Nov 06, 2015 02:44 PM EST
A honeybee
Two recent studies calculated that monitoring biodiversity on farmland in Europe wouldn't be that hard and would be affordable.
(Photo : Wikipedia Commons)

Keeping in mind that it's important to maintain biodiversity -- or a natural variety of plants, microbes, animals and other living things in farmland and any other ecosytem -- two new studies looked at ways to monitor Europe's farmland biodiversity.

In preparation for doing the studies, researchers asked stakeholders what factors indicated some part of biodiversity and had the best "value for money" for them. Of these, high-rankers were habitat, plant species and farm management. In terms of providing important parts of the services in an ecosystem, wild bees, earthworms and spiders were next in the ranking, according to a release.

Next, the scientists worked out cost estimates for monitoring biodiversity in nine ways. The team says that doing this would take only a small part of the budget for the European Union's Common Agricultural Policy (CAP), and thus it is worth doing, said the release.

While all of this might sound a bit wonky and budgetary, it's also a definite part of a country's keeping track of its biodiversity so that pollinators and other vital contributors to an ecosystem can live, as the study's findings noted. They showed a framework that illustrates how individual countries can begin farmland biodiversity monitoring. The research was published recently in the Journal of Applied Ecology and the Journal of Environmental Management.
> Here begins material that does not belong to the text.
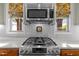 Close up of a stainless gas cooktop and microwave, and two windows with patterned window treatments at 241 Serenity Hill Cir, Chapel Hill, NC 27516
"Despite scientific proof that monitoring increases the (cost) efficiency of policy measures, monitoring rarely gets included in policy program budgets. We identified that the cost are not as high as feared. To further facilitate implementation, the study provides stepping stones to build a European monitoring scheme, offering a choice in indicators and using regions as a unit of trend analysis," explained Dr. Ilse Geijzendorffer, paper lead author for the piece in the Journal of Applied Ecology, in the release.